Work request
Reproduce, unchanged, the lines between the one holding "Baby Playpen with" and the last line of the records, including both ends, but no pictures.

= = =

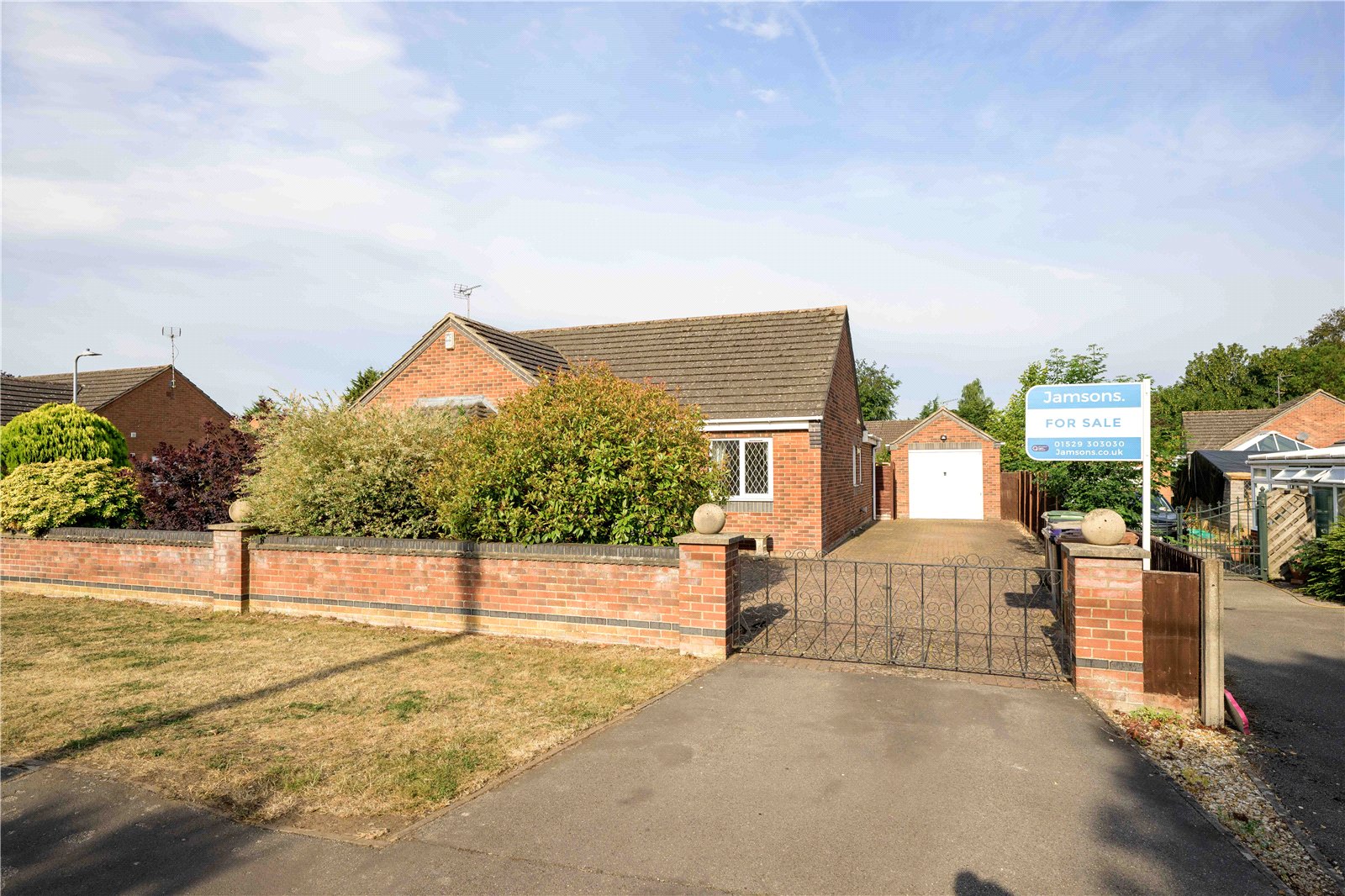 3 bedroom Detached house Under Offer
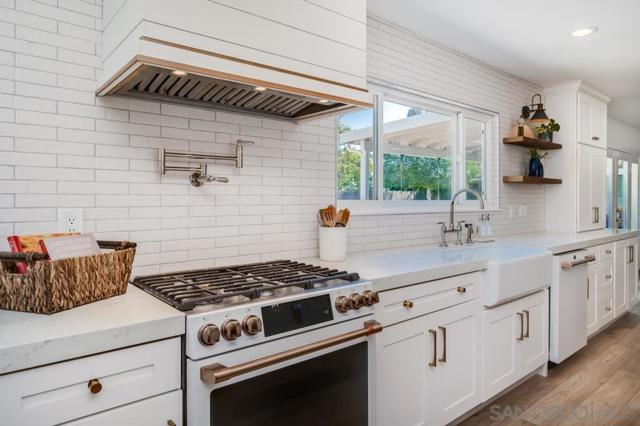 7634 Flag Lake, San Diego CA: https://media.crmls.org/mediaz/a11952eb-81a3-4b00-bfc0-68e9b7d6294d.jpg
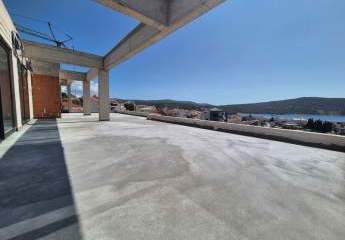 Luxuriöses Penthouse mit Swimmingpool und Meerblick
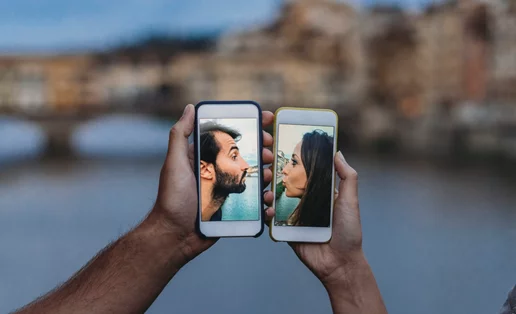 Μπορεί να κρατηθεί "ζωντανή" μία σχέση εξ αποστάσεως;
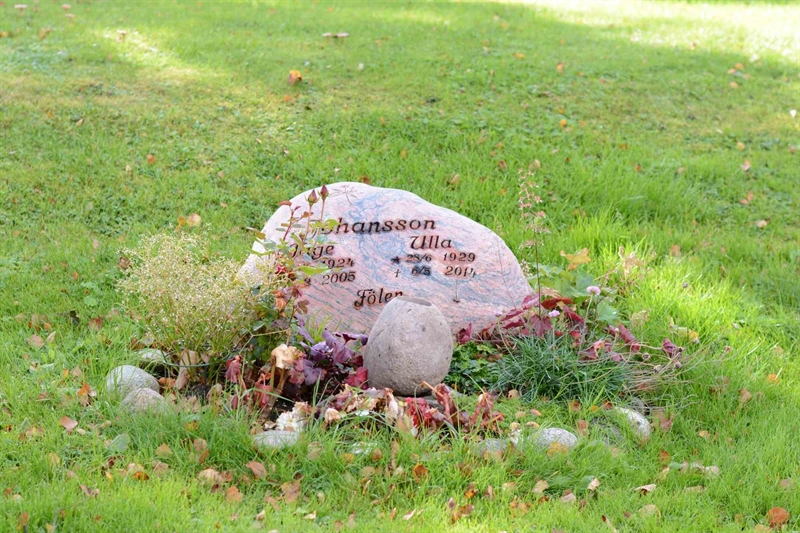 Grave number: 1 15    92-93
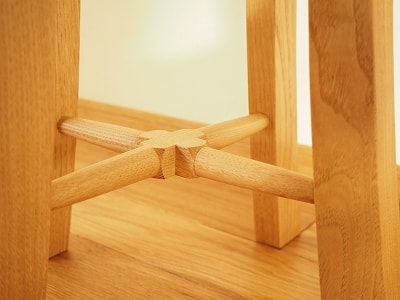スツールの貫は相欠きです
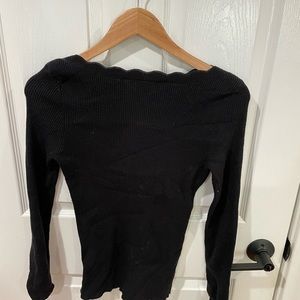 Black boat neck sweater wavy collar edge
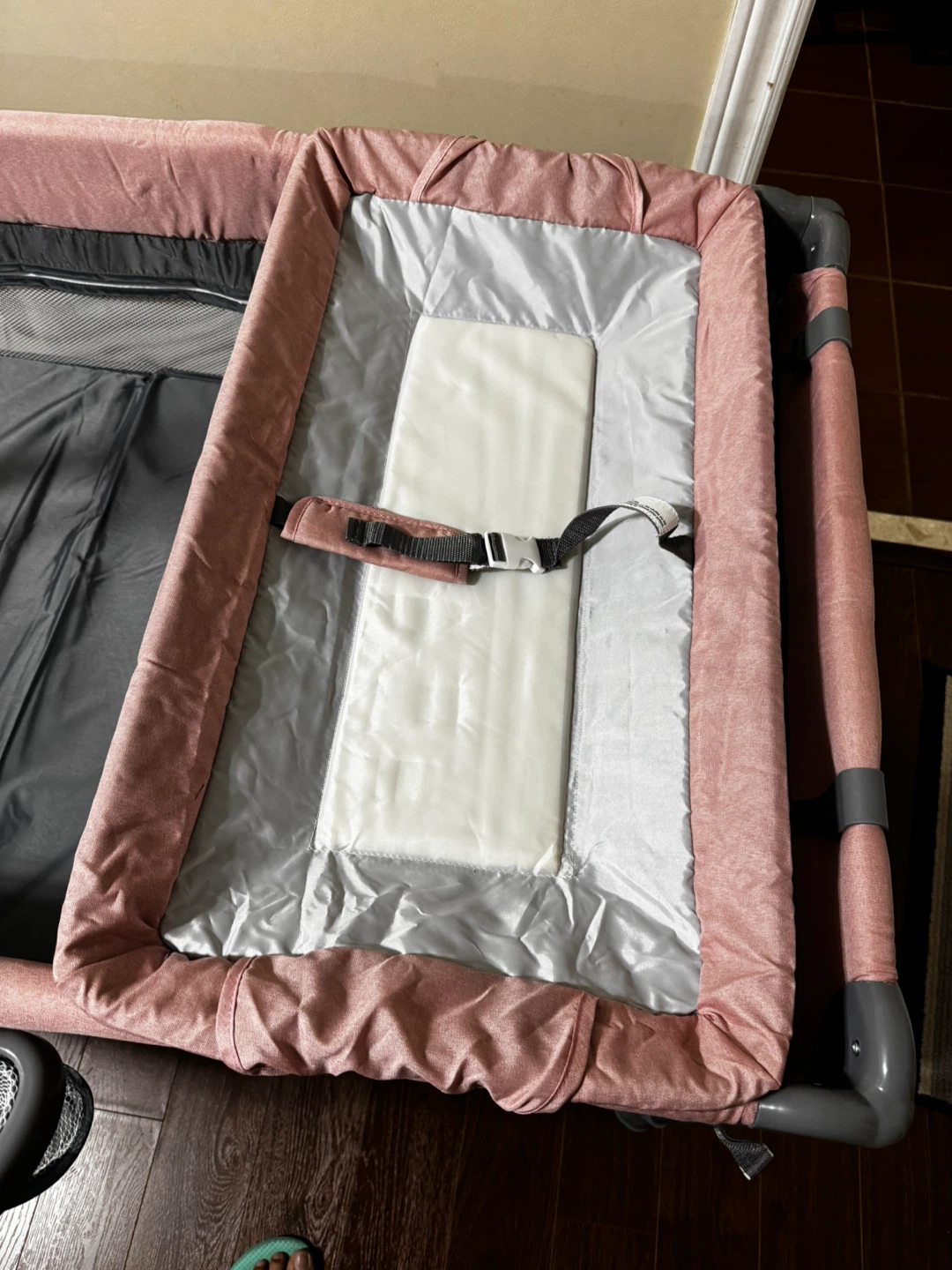 Baby Playpen with Bassinet Attachment - photo 3
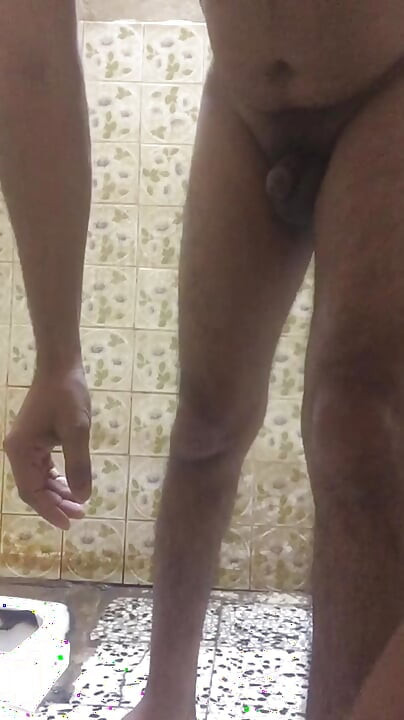 バスルームでのマスターベーションと手コキの楽しみ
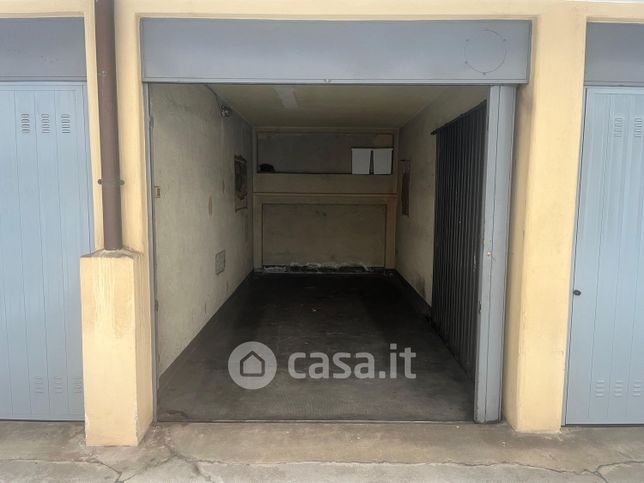 Garage/posto auto in residenziale in Via Gran San Bernardo 6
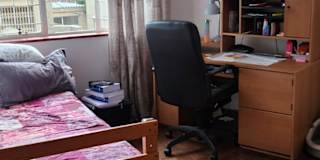 Fuzlin's room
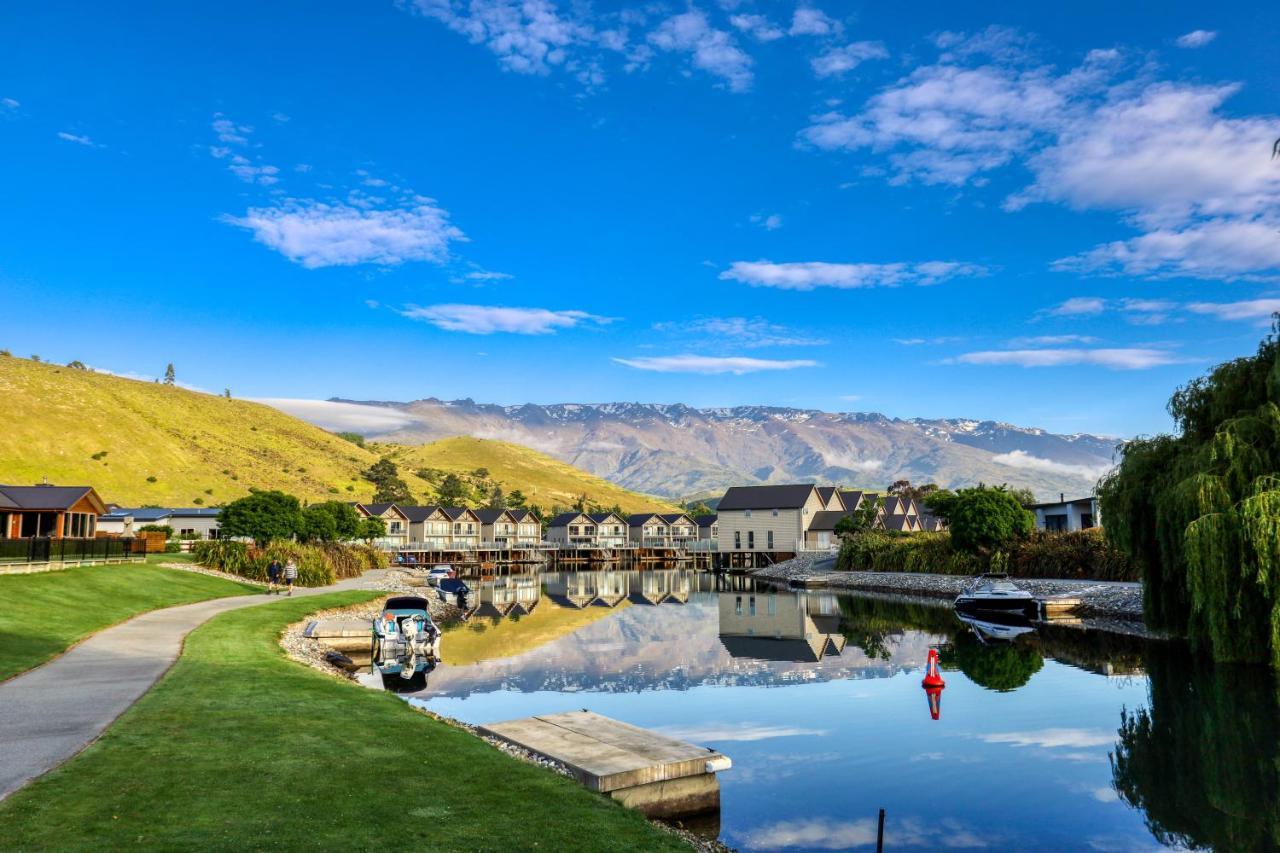 Marsden Lake Resort Central Otago Cromwell Exterior photo The village of Jack's Point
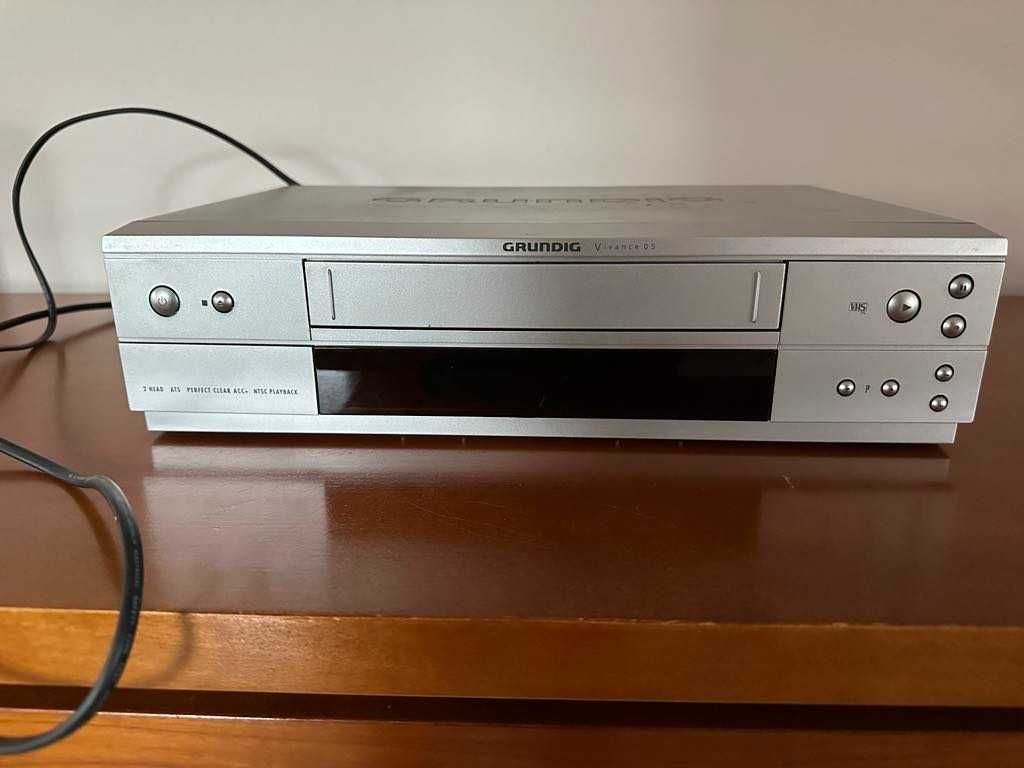 Magnetowid VHS Grundig VIVANCE GV 3205 VPS Darmowa dostawa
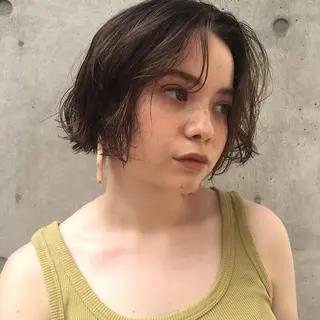 ショート カラー 狩野 羅夢のヘアスタイル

= = =

Answer for the task
 Baby Playpen with Bassinet Attachment - photo 3
 バスルームでのマスターベーションと手コキの楽しみ
 Garage/posto auto in residenziale in Via Gran San Bernardo 6
 Fuzlin's room
 Marsden Lake Resort Central Otago Cromwell Exterior photo The village of Jack's Point
 Magnetowid VHS Grundig VIVANCE GV 3205 VPS Darmowa dostawa
 ショート カラー 狩野 羅夢のヘアスタイル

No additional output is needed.